Il Sordo, a sorveteria sergipana comandada por surdos
Para quem não sabe: eu sou sergipana. Moro em São Paulo, mas minha família quase toda está em Aracaju-SE. Portanto, vivo por lá e iria mais se as companhias aéreas não tivessem dobrado os preços (aliviem a barra aí, pufavô?) nos últimos dois anos. Da última vez que fui lá, há algumas semanas, ouvi falar da Il Sordo, uma sorveteria/gelateria artesanal genuinamente sergipana e 100% comandada por surdos. Como eu sou talvez a maior fã de sorvete que há nesse mundão de Deus e também adoro empreendimentos inclusivos, fui lá conferir a Il Sordo rapidinho. Resultado: amei. São poucos os sabores de cada vez, mas todos feitos artesanalmente e com todo o cuidado do mundo, um amorzinho mesmo. Aproveitei a ida para bater um papo com José, que é o pai do dono da gelateria, Breno.

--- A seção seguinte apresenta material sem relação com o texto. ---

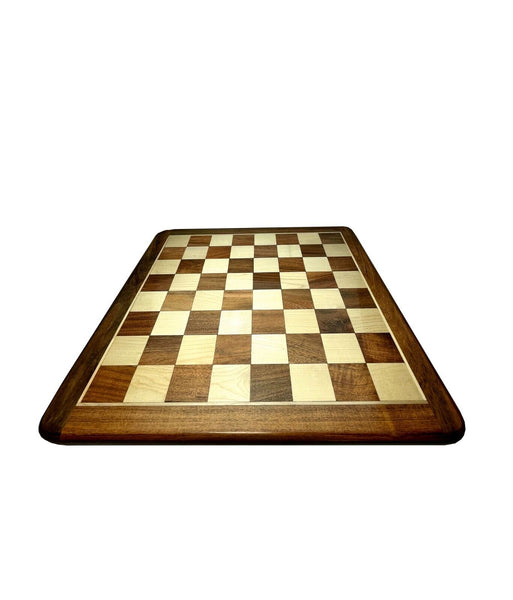 Sube la imagen al visor de la galería, Tablero de ajedrez 16&#39;&#39; de madera de acacia marfil con esquinas redondeadas, bordes hechos a mano, India. 
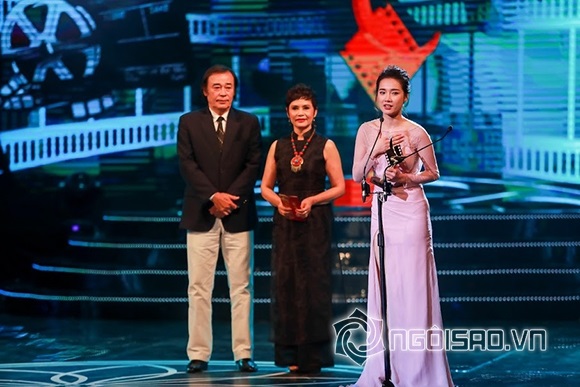 Tin tức - Nhã Phương giành giải nữ chính xuất sắc tại Cánh diều 2017 (Hình 2).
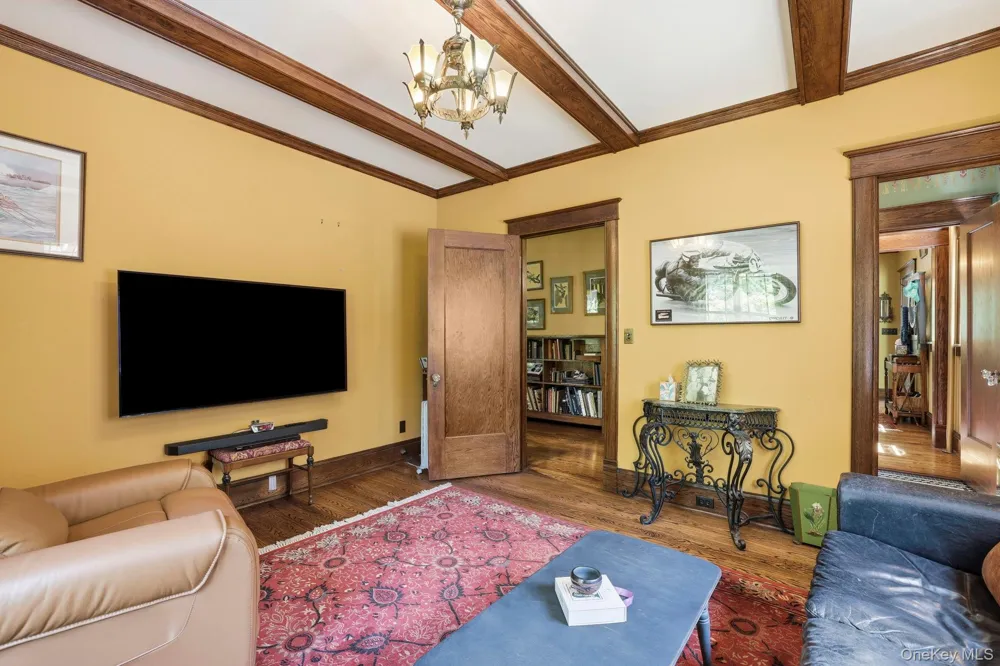 8 Elmer Galloway Road Katonah, NY 10536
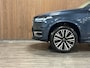 Volvo XC90 T8 AWD Recharge Plus Bright Trekhaak | 360° Camera | Harman Kardon | All Season banden | 455pk | Adaptieve Cruise Control | Standkachel met Volvo On Call App |  Stoelverwarming voor+achter | Stuurwielverwarming | Pilot Assist | BLIS Dode Hoek Detectie | Elektrische voorstoelen geheugen | Lederen bekleding | Zitting verlenging voorstoelen | Lederen dashboard | 20 Inch | Keyless Drive | Parkeersensoren voor+achter | Privacy Glass | Elektrisch bedienbare achterklep | 7-Persoons | 4-Zone Climate Control | Geïntegreerde zongordijnen achterportieren | Verlichte instaplijsten | Draadloos telefoon opladen | DAB Radio | Apple Carplay/Android Auto | Volvo On Call met mobiele App functie | Denim Blue Metallic |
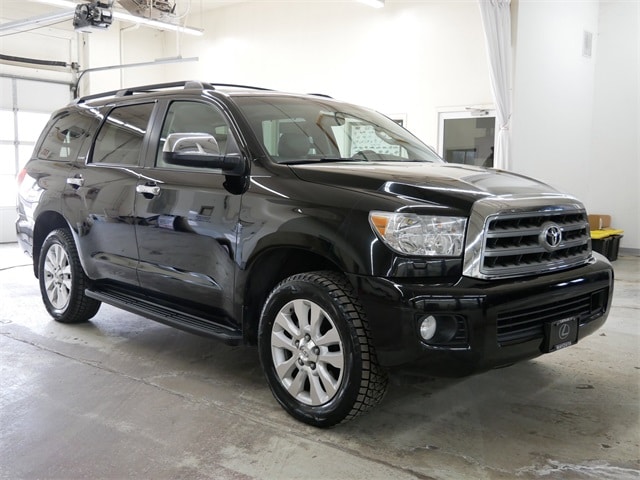 2011 Toyota Sequoia Platinum's photo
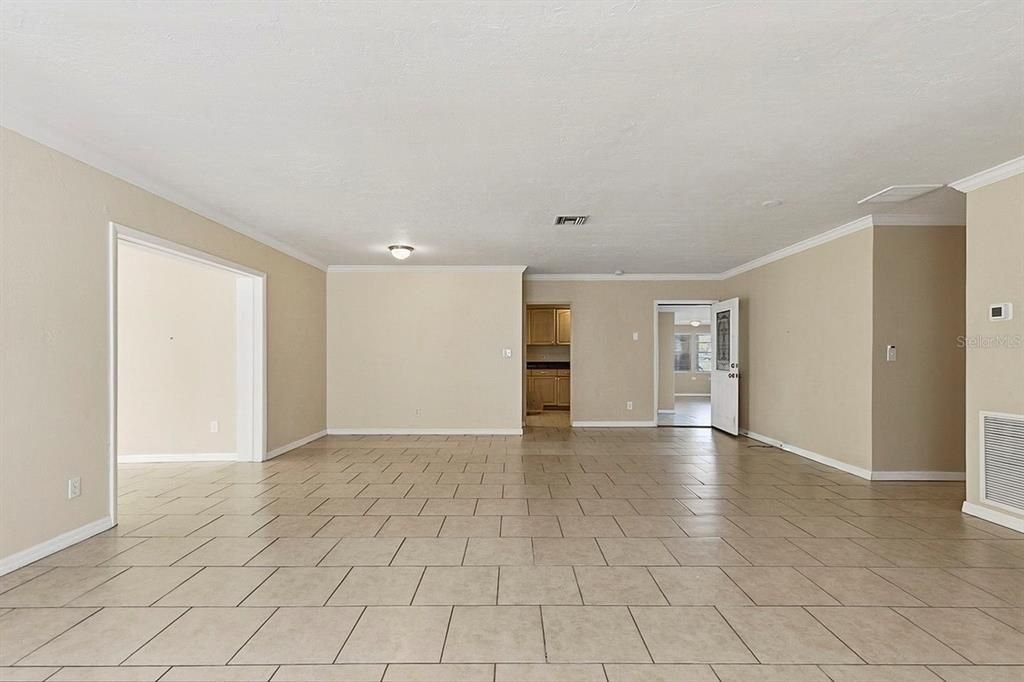 For Sale: $434,900 (4 beds, 2 baths, 2642 Square Feet)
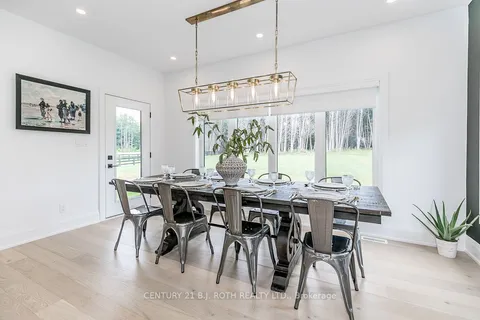 7 Cleveland Court, Oro-Medonte, ON L0K 1E0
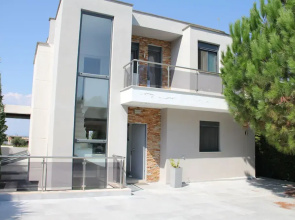 Sani Villa
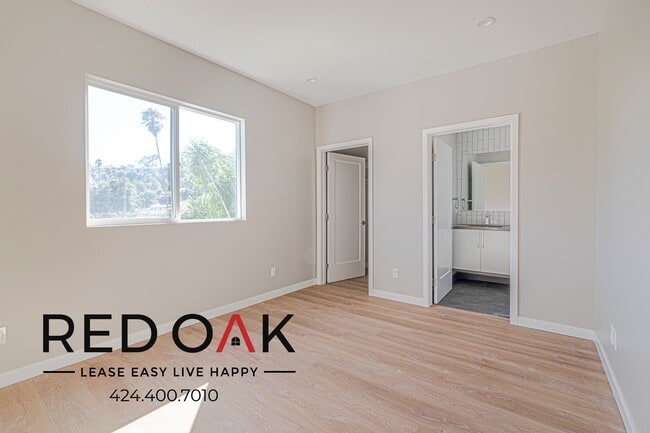 Building Photo - 4506 Esmeralda St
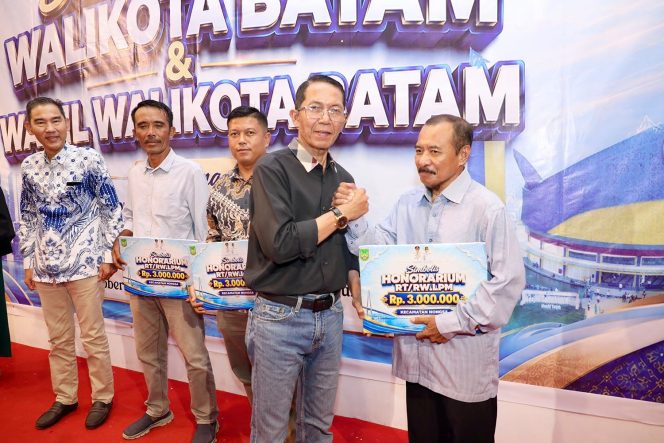 
					Wali Kota Batam, Amsakar Achmad, menyampaikan sambutan saat menghadiri silaturahmi bersama RT, RW, dan LPM se-Kecamatan Nongsa di Hokkie Hotel Batam, Kompleks Punggur Center, Kabil, Nongsa, Minggu (18/10/2026). 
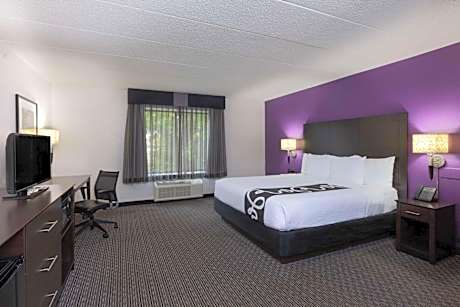 Deluxe King Room with Sofa Bed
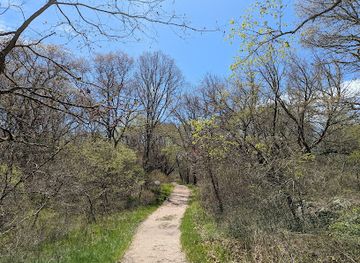 rhode-island/trustom-pond-national-wildlife-refuge/attraction/trustom-pond-national-wildlife-refuge-visitor-contact-station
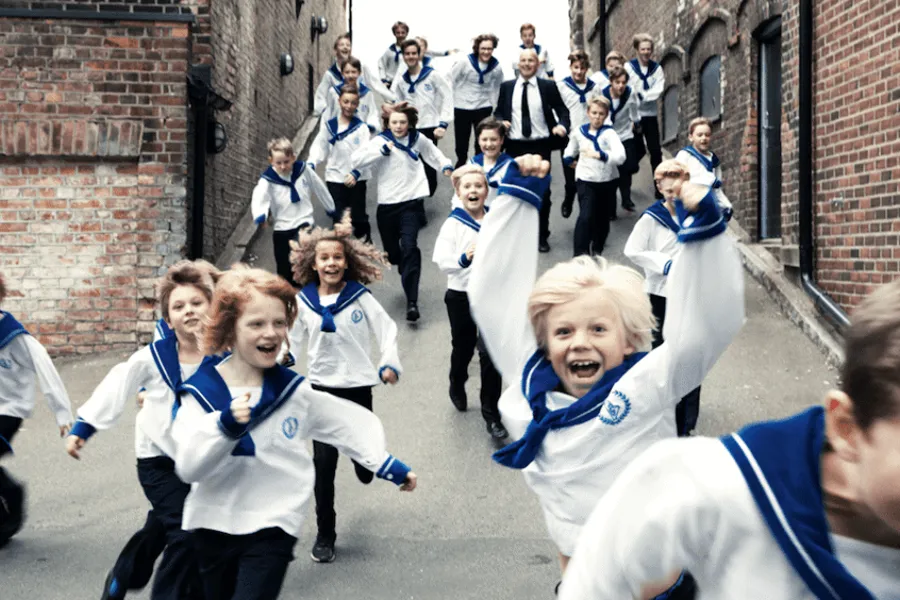 En gruppe mennesker iført hvite uniformer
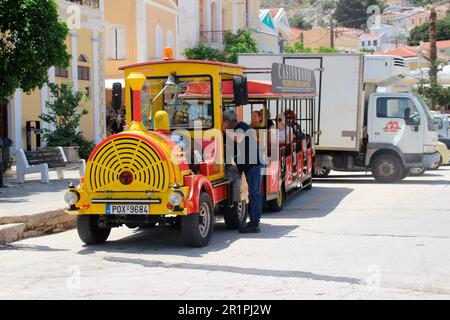 Turisti, veicolo con turisti per le visite turistiche dell'isola di Symi, Grecia Foto Stock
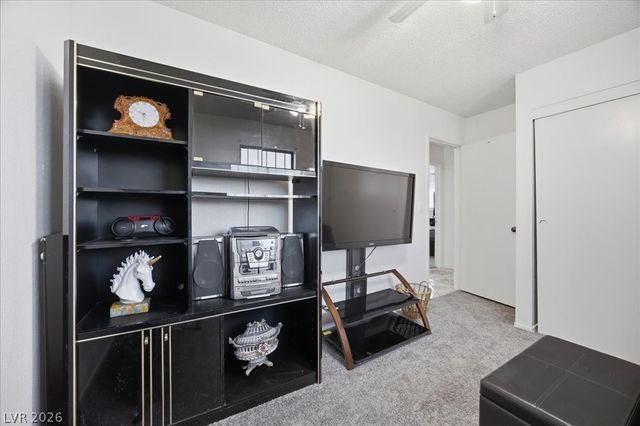 3920 Geist Avenue, Las Vegas, NV 89115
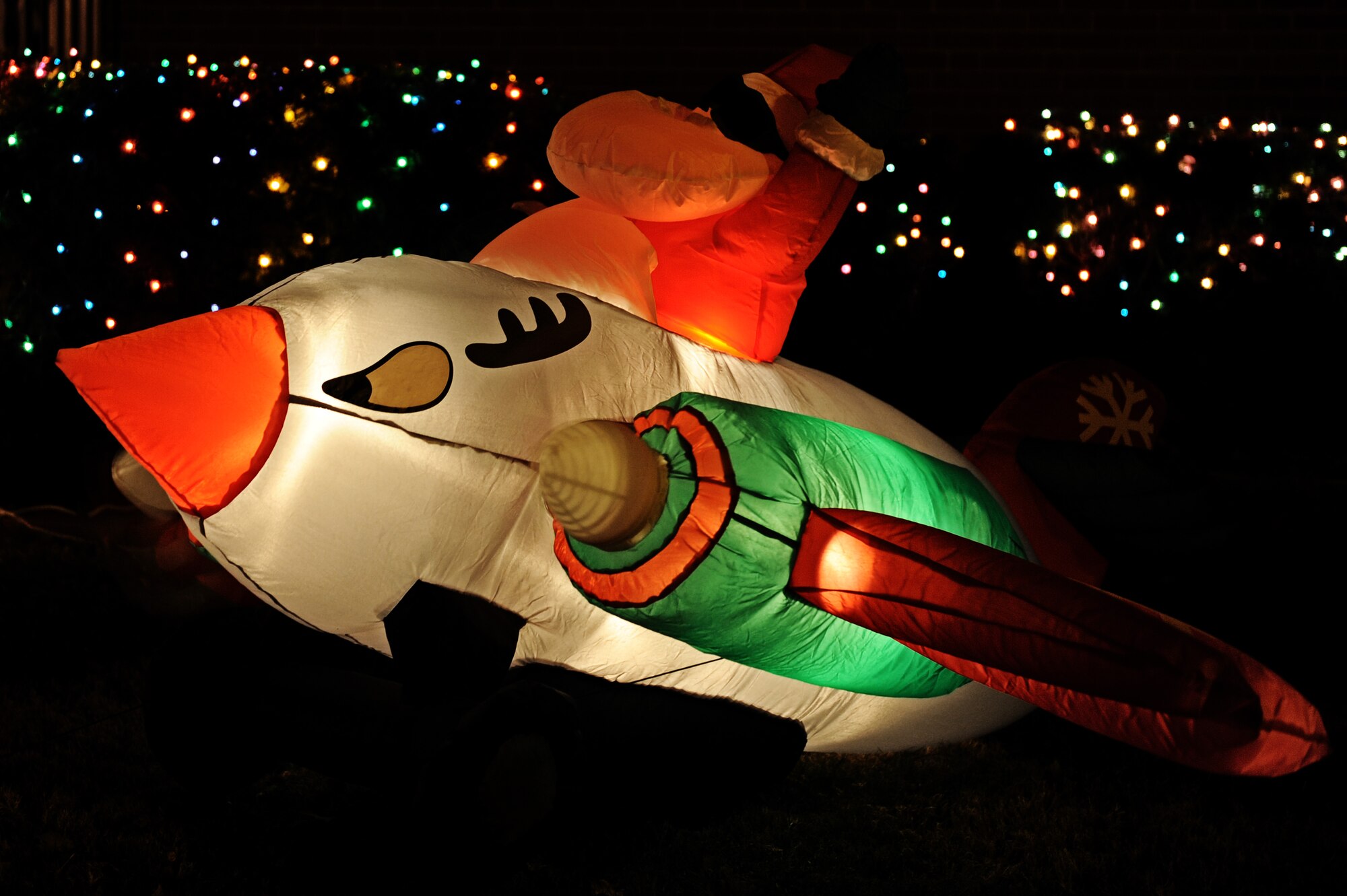 Members of team Scott decorated their homes in base housing in spirit of the holiday season. (U.S. Air Force photo by Staff Sgt. Brian J. Valencia)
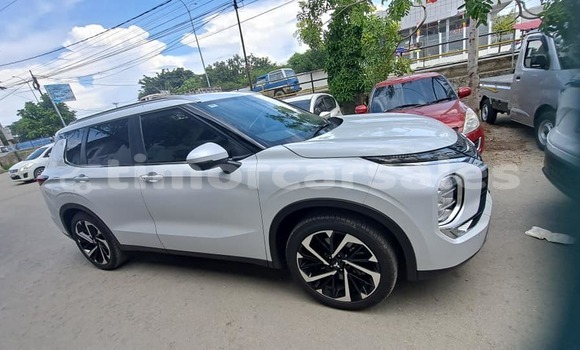 Buy Used Toyota Highlander White Car in Dili in Dili Buy Used Toyota Highlander White Car in Dili in Dili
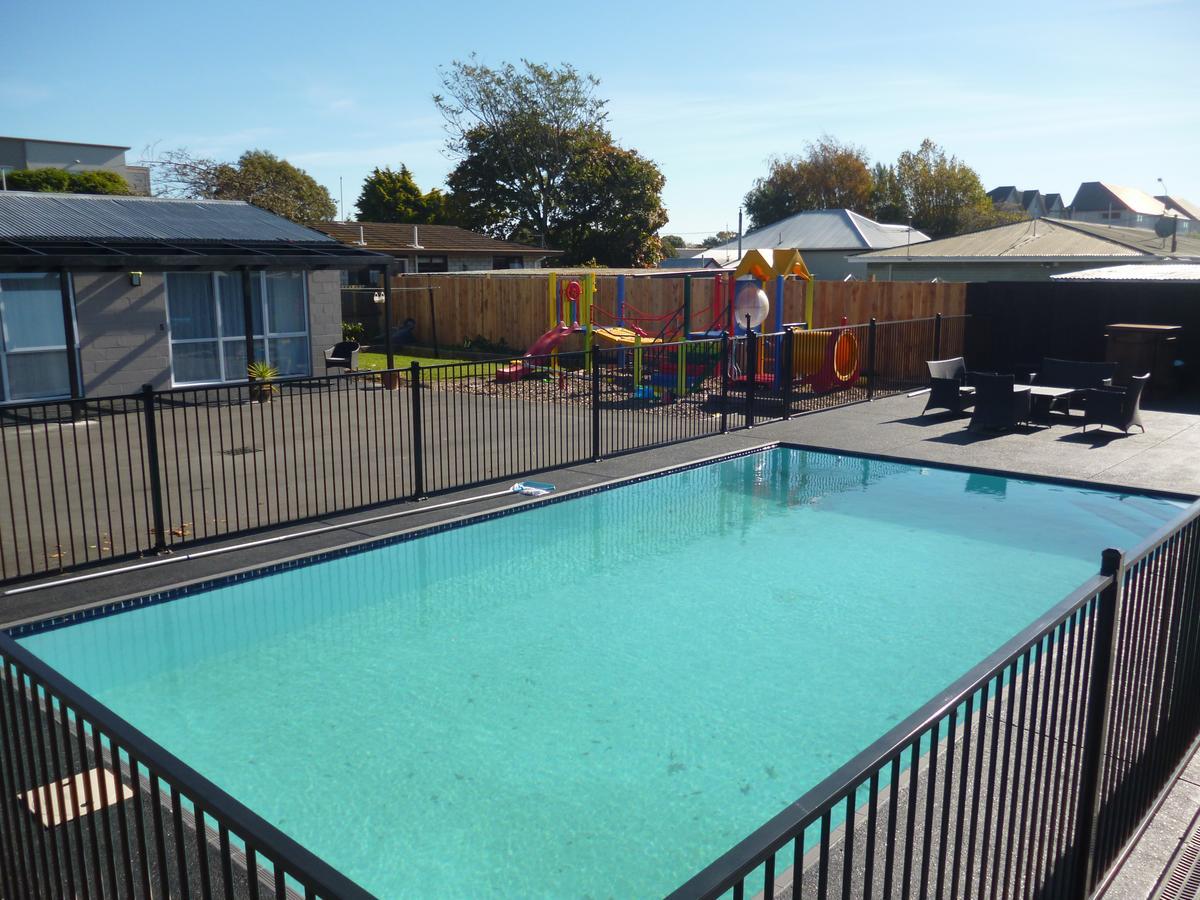 Superior Studio,647195400:JPEG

Quando surgiu a ideia da Il Sordo e por quê?
A idéia foi do Breno, que queria três coisas: ser um empresário surdo (ele não conhecia nenhum aqui em Sergipe nem em vários outros lugares que fosse surdo); depois, vender açaí e paletas mexicanas; e terceiro ele lembrou que o avô teve uma sorveteria anos atrás, e me perguntou se eu não gostaria de começar um negócio igual.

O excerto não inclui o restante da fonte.